All Products
Search
Document Center

Realtime Compute for Apache Flink:Over Aggregate

Last Updated:Aug 07, 2024

This topic describes the compatibility between a job and the state data used to start the job after you modify an over aggregation query for the job. In an over aggregation query, an aggregate function is used with the OVER clause.

Compatible modifications

  • Add, delete, or modify a non-distinct aggregated field. An aggregated field is the result returned by an aggregate function.

    • Partially compatible: Add an aggregated field. The value of the added field is incremented when the job starts.

    • Fully compatible: Delete an existing aggregated field. The state data of the deleted field is discarded.

    • Partially compatible: Add an aggregated field and delete an existing aggregated field at the same time. The value of the added field is incremented when the job starts. The state data of the deleted field is discarded.

    • Partially compatible: Modify an existing aggregated field. This modification is split into the following operations: Delete the original aggregated field and add a new one. The value of the added field is incremented when the job starts. The state data of the deleted field is discarded.

    Note
    • If you do not modify an aggregated field, the calculation results of the field are the same whether or not you use the state data.

    • An over aggregation query returns the aggregated values and the corresponding input data. If the input schema changes, the job becomes incompatible with the state data.

    -- Original SQL statement: 
    select a, b, c,
      sum(b) over (partition by a order by ts),
      max(c) over (partition by a order by ts)
    from MyTable;
    
    -- Partially compatible: Add count(c), which is an aggregated field. 
    -- The calculation results of sum(b) and max(c) are not affected.
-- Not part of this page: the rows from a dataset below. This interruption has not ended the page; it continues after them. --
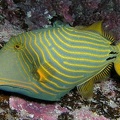 Balistapus undulatus  Orange-lined triggerfish  Orangestreifen-Dr  ckerfisch 2 2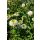 ECHINACEA purpurea 'Delicious Nougat' - Kasvirág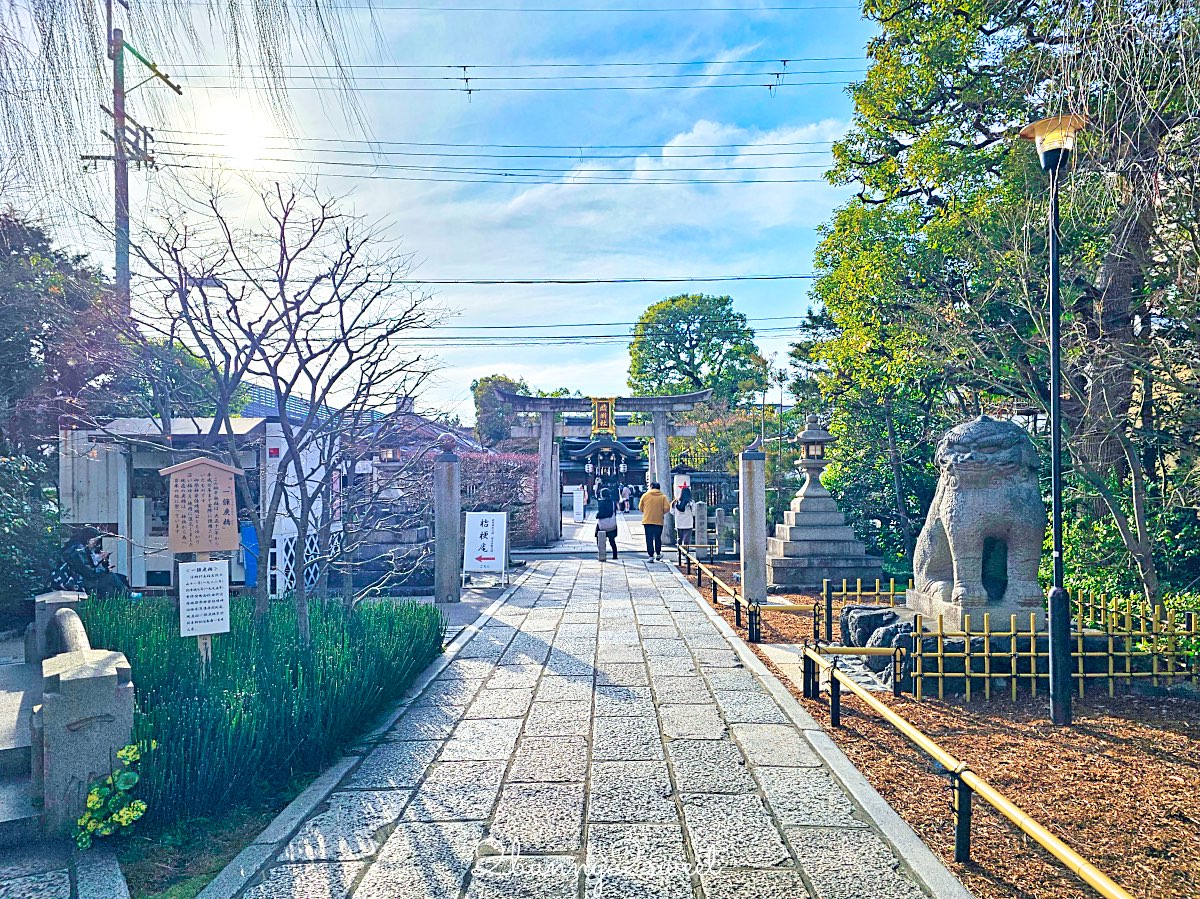 【京都晴明神社一条戻橋】陰陽師神社、河津櫻早櫻景點、五芒星御守與櫻花御守一次看 @兔兒毛毛姊妹花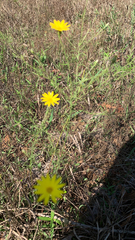 Bradburia pilosa
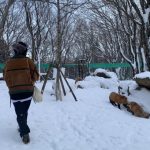 西野七瀬、インスタフォロワーが150万人越に感謝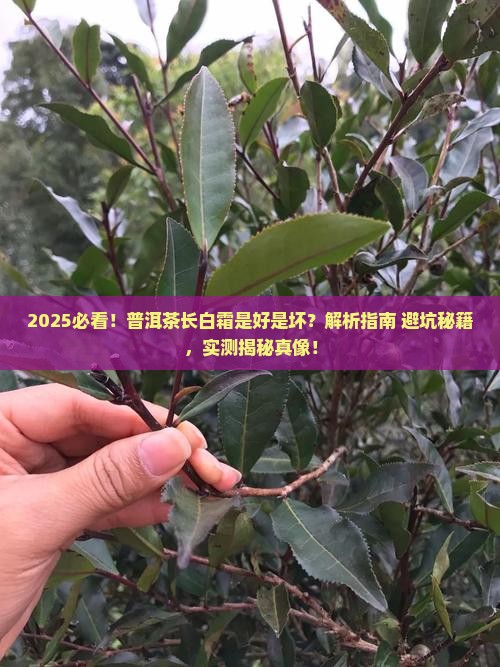 普洱茶长白霜是好还是不好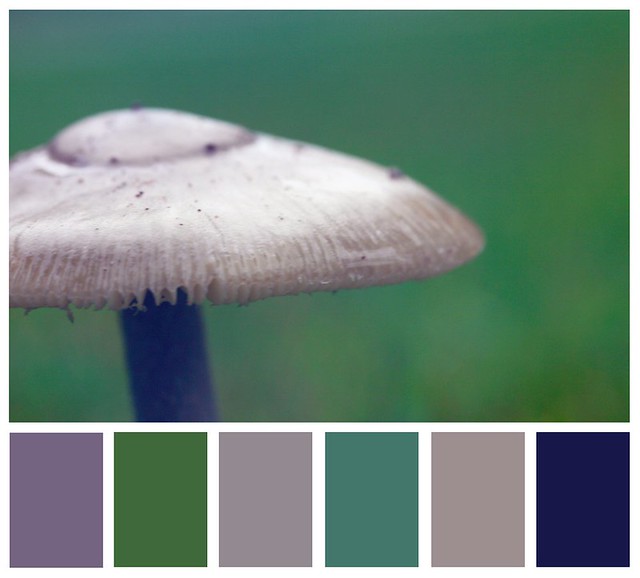 Mushroom Palette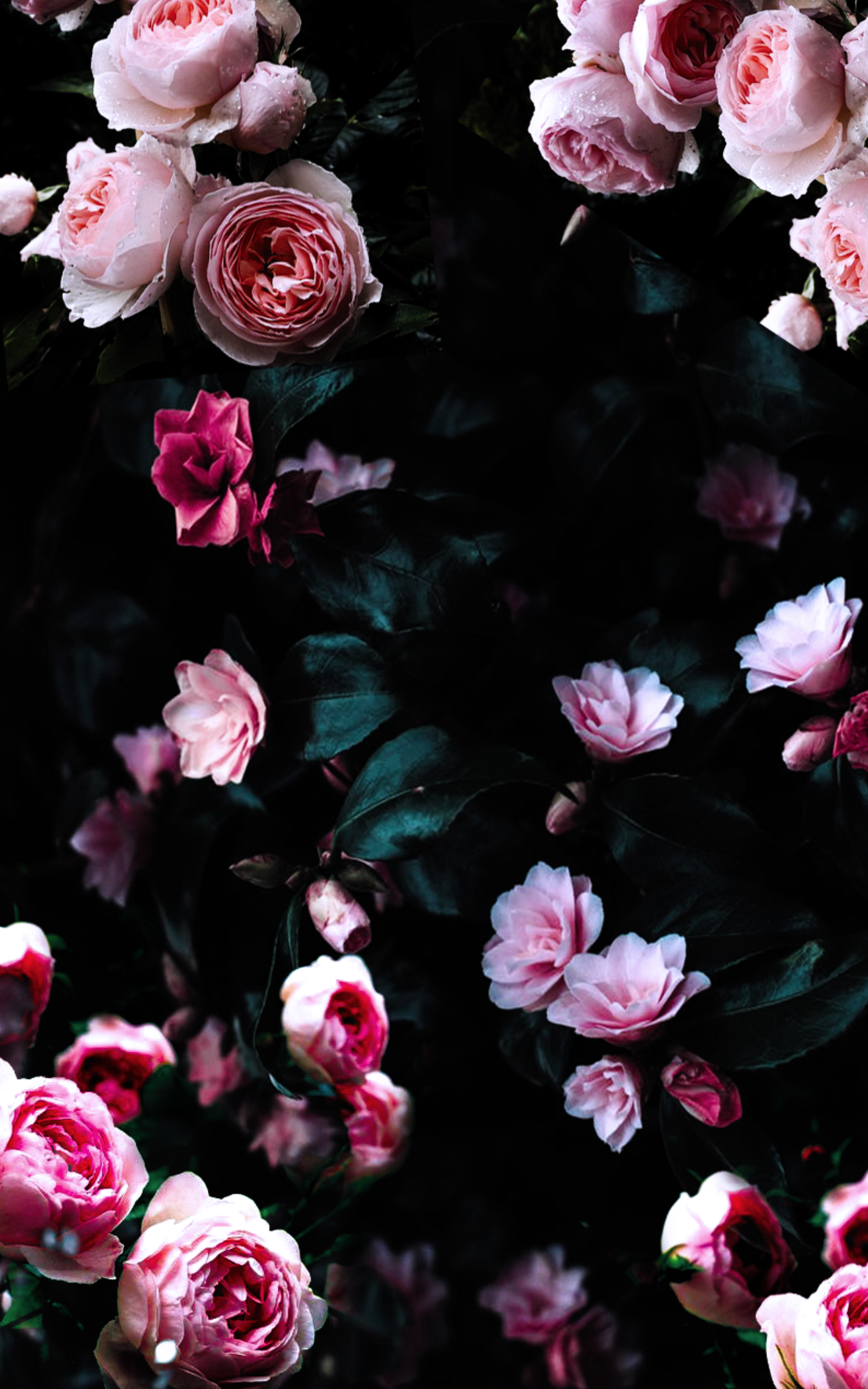 Dark Flowers Desktop Wallpapers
The value of count(c) is incremented from 0 when the job starts. 
    select a, b, c,
      sum(b) over (partition by a order by ts),
      max(c) over (partition by a order by ts),
      count(c) over (partition by a order by ts)
    from MyTable;
    
    -- Fully compatible: Delete sum(b). 
    -- The calculation results of max(c) are not affected. 
    select a, b, c,
      max(c) over (partition by a order by ts)
    from MyTable;
    
    -- Partially compatible: Modify an aggregated field from max(c) to min(c). 
    -- The calculation results of sum(b) are not affected. The max(c) field is considered deleted and its state data is discarded. 
    -- The min(c) field is considered as a new field and its value is incremented when the job starts. 
    select a, b, c,
      sum(b) over (partition by a order by ts),
      min(c) over (partition by a order by ts)
    from MyTable;
  • Fully compatible: Modify the sequence of non-distinct aggregated fields.
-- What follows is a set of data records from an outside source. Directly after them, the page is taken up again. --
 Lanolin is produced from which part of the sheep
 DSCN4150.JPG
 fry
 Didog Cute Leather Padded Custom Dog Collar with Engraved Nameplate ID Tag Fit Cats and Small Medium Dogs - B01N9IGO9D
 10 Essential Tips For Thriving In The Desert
    -- Original SQL statement: 
    select a, b, c,
      sum(b) over (partition by a order by ts),
      max(c) over (partition by a order by ts)
    from MyTable
    
    -- Fully compatible: Modify the sequence of sum(b) and max(c). 
    -- The calculation results of sum(b) and max(c) are not affected. 
    select a, b, c,
      max(c) over (partition by a order by ts),
      sum(b) over (partition by a order by ts)
    from MyTable;
  • Fully compatible: Modify the sequence of partition keys.
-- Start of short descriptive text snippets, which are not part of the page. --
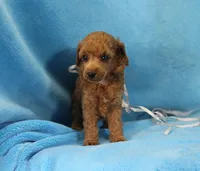 Becki, AKC Champion Sired, a female Poodle - Toy  for sale in Butler, MO – Photo 3 of 6
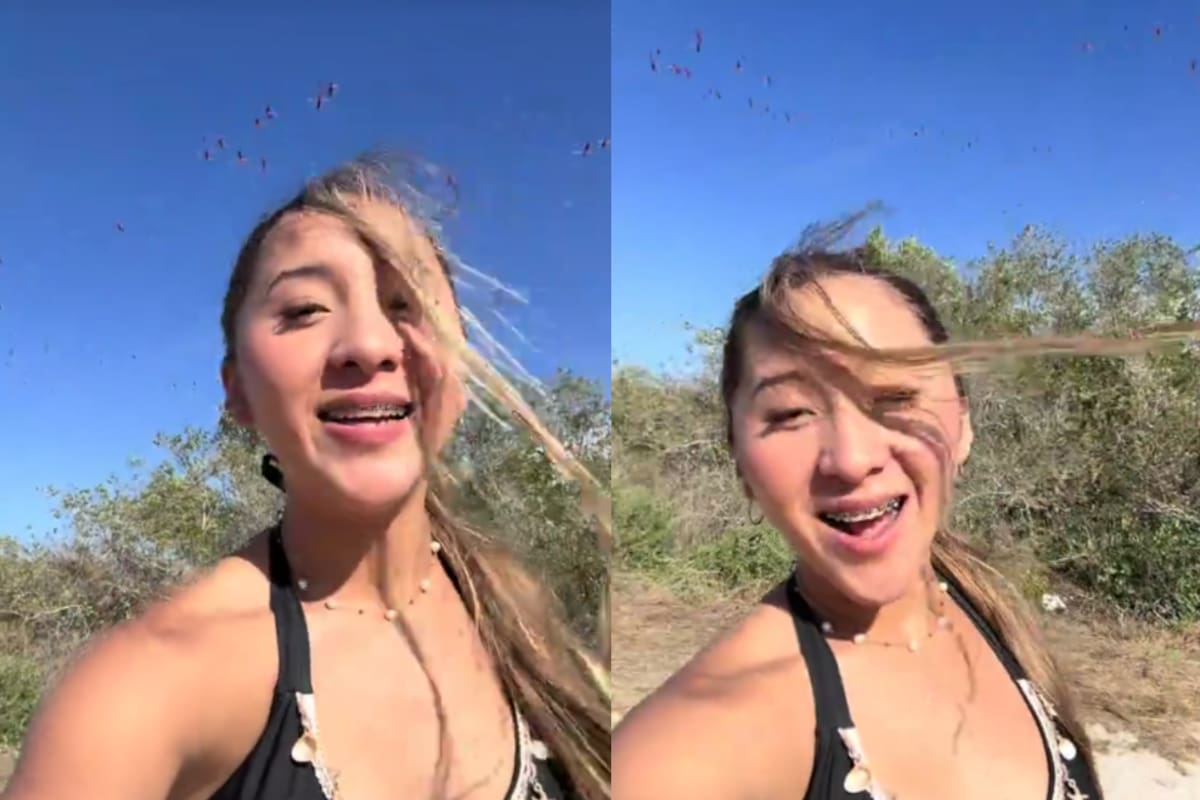 Influencer genera polémica tras espantar flamencos con música de Yeri Mua en humedales de Sisal, Yucatán (VIDEO)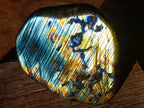 Polished Blue Flash Labradorite Standing Display Piece x 1 From Tulear, Madagascar
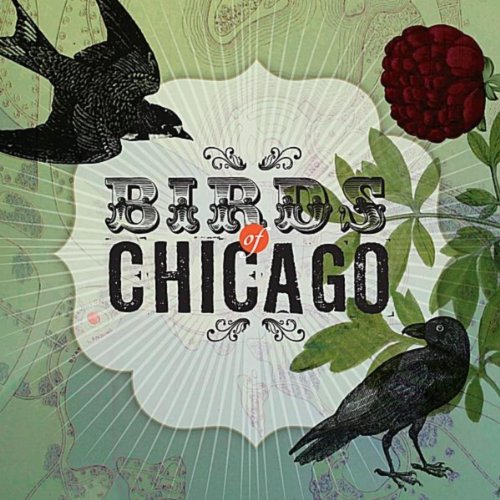 Birds of Chicago self-titled album cover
    -- Original SQL statement: 
    select a, b, c,
      sum(b) over (partition by a,b order by ts),
      max(c) over (partition by a,b order by ts) 
    from MyTable;
    
    -- Fully compatible: Modify the sequence of partition keys. 
    select a, b, c,
      sum(b) over (partition by b,a order by ts),
      max(c) over (partition by b,a order by ts) 
    from MyTable;
  • Fully compatible: Modify the sequence of fields in the schema or add or delete fields without changing the schema.

    -- Original SQL statement: 
    select a, b, c, count(b) 
    over (partition by a order by ts) from MyTable;
    
    -- Fully compatible: Modify the sequence of fields b and c for the OVER clause. 
    select a, c, b, count(b) 
    over (partition by a order by ts) from MyTable;
    
    -- Original SQL statement: 
    select a, b, c, cnt from (select a, b, c, d, count(b) 
    over (partition by a order by proctime) as cnt from src);
    
    -- Fully compatible: Delete a field that is not used for aggregation. 
    select a, b, c, cnt from (select a, b, c, count(b) 
    over (partition by a order by proctime) as cnt from src);

Incompatible modifications

  • Modify the input schema for an over aggregation query.

    -- Original SQL statement: 
    select a, b, c,
      sum(b) over (partition by a order by ts),
      max(c) over (partition by a order by ts)
    from MyTable;
    
    -- Incompatible: Add d as an input field. 
    select a, b, c, d,
      max(c) over (partition by a order by ts),
      sum(b) over (partition by a order by ts)
    from MyTable;
    
    -- Incompatible: Modify the input field c. 
    select a, b, c,
      max(c) over (partition by a order by ts),
      sum(b) over (partition by a order by ts)
    from (
      select a, b, substring(c, 1, 5) as c from MyTable
    );
  • Modify an attribute specified in the OVER clause, such as partition keys for the window, the sorting order for the window, and the window frame.

    -- Original SQL statement: 
    select a, b, c,
      max(c) over (partition by a order by ts asc rows between unbounded preceding and current row)
    from MyTable;
    
    -- Incompatible: Change the partition key from a to b. 
    select a, b, c,
      max(c) over (partition by b order by ts asc rows between unbounded preceding and current row)
    from MyTable;
    
    -- Incompatible: Change the sorting order from ascending to descending. 
    select a, b, c,
      max(c) over (partition by a order by ts desc rows between unbounded preceding and current row)
    from MyTable;
    
    -- Incompatible: Change the bound definition from unbounded preceding to 2 preceding. 
    select a, b, c,
      max(c) over (partition by a order by ts asc rows between 2 preceding and current row)
    from MyTable;
  • Add, delete, or modify a distinct aggregated field.

    -- Original SQL statement: 
    select a, b, c,
      max(c) over (partition by a order by ts)
    from MyTable;
    
    -- Incompatible: Add count(distinct b), which is a distinct aggregated field. 
    select a, b, c,
      max(c) over (partition by b order by ts),
      count(distinct b) over (partition by b order by ts)
    from MyTable;
  • Modify all aggregated fields.

    -- Original SQL statement: 
    select a, ts, min(b) over (partition by a order by ts) 
    from MyTable;
    
    -- Incompatible: Modify the only aggregated field. 
    select a, ts, max(b) over (partition by a order by ts) 
    from MyTable;

Modifications that result in unknown compatibility

If you use a Python user-defined aggregate function (UDAF) before or after the modification, the system cannot determine the compatibility.

-- Unknown compatibility: Use Python UDAFs, such as the weighted_avg function shown in the following code, before or after the modification. 
select min(a), min(b), min(c), weighted_avg(a, b), min(cnt) 
from (select a, b, c, count(b) 
over (partition by a, b order by ts) as cnt from MyTable);